View Edit Charges Overview and Definitions

View/Edit Charges will display all patient transactions and is where to go in order to research and/or fix all billing issues. This article displays and explains the different components of this feature.

Initial Overview

Click on Billing | View/Edit Charges

Top Right Section

  • Edit Charges: Default view. Displays all finalized charges for patient with summary information (total charge, total patient payments, total insurance payments, etc.) and remaining balance. Indicates whether any remaining balance for the charge is insurance responsibility.
  • Ledger: Detailed view of the Edit Charges page. Lists all transaction details, including charge code, payment, and adjustment information. Helpful when searching a check number to identify all charges the check was paid against (which can also be done with reports).
  • EasyNav: Provides shortcut menu to open pages with the same patient context.
  • Clear Filters: Clears date range, quickly showing all data.

Top Left Fields

  • Patients: select patient to view.
  • Date Range: sets dates for viewing. Default range is set in System | Preferences | User Preferences tab | Default Months of Charges field. This is editable to customize the range of data being viewed.
  • Patient: displays total patient balance from all charges in View/Edit Charges.
  • Prepay: displays total prepayment amount.
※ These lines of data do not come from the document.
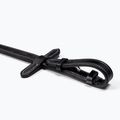 Stretch halters for horses Prestige Italia black E89 2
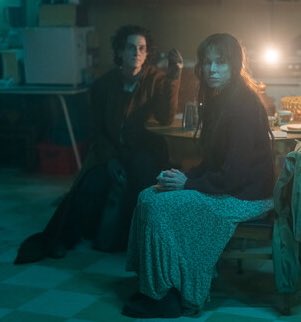 he looks mad as hell i’m cryin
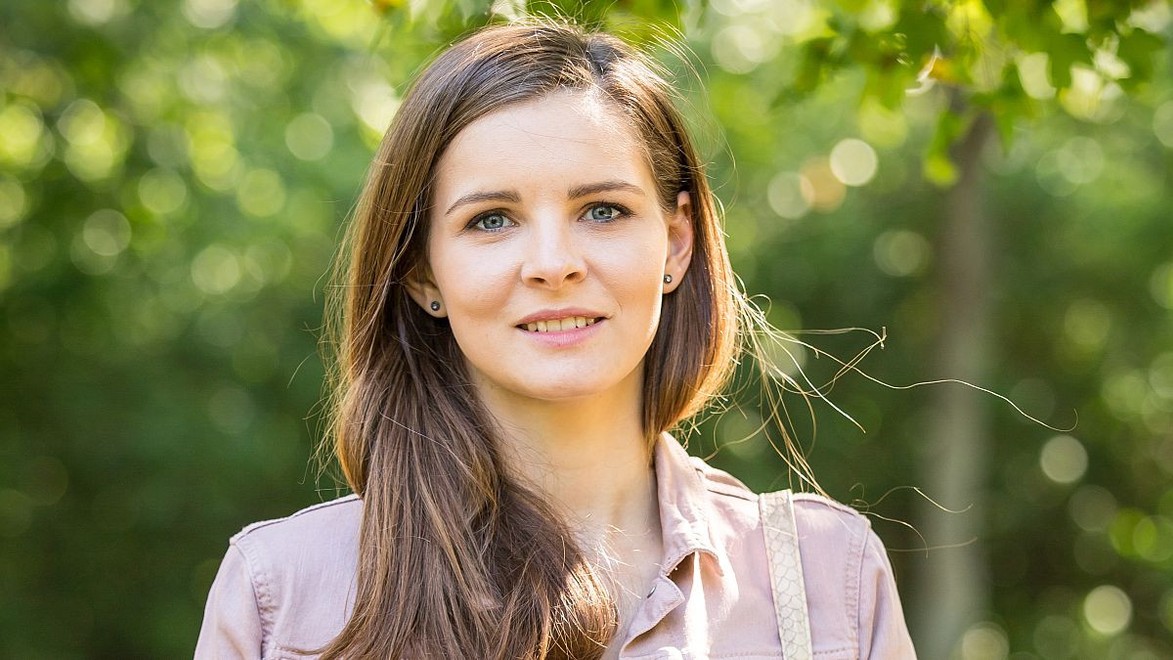 Vika Belanová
The prepayment total has not been applied to any charges.
  • Insurance: displays total insurance balance.
  • Total: grand sum of patient and insurance balances.

Color Legend Top Right

  • Yellow: insurance needs to be billed or the responsibility has been reset to the insurance company. Insurance is queued/marked/checked to be billed when claims are created. 
  • Gray: insurance has been billed and waiting for payment and adjustment information.
  • Orange: the responsibility for the remaining balance rests with the patient.
  • Purple: the charges have “Crossover” status indicating that the system expects the primary payer to bill the secondary payer. Valant prevents these claims from being submitted to avoid duplicate denials for the practice.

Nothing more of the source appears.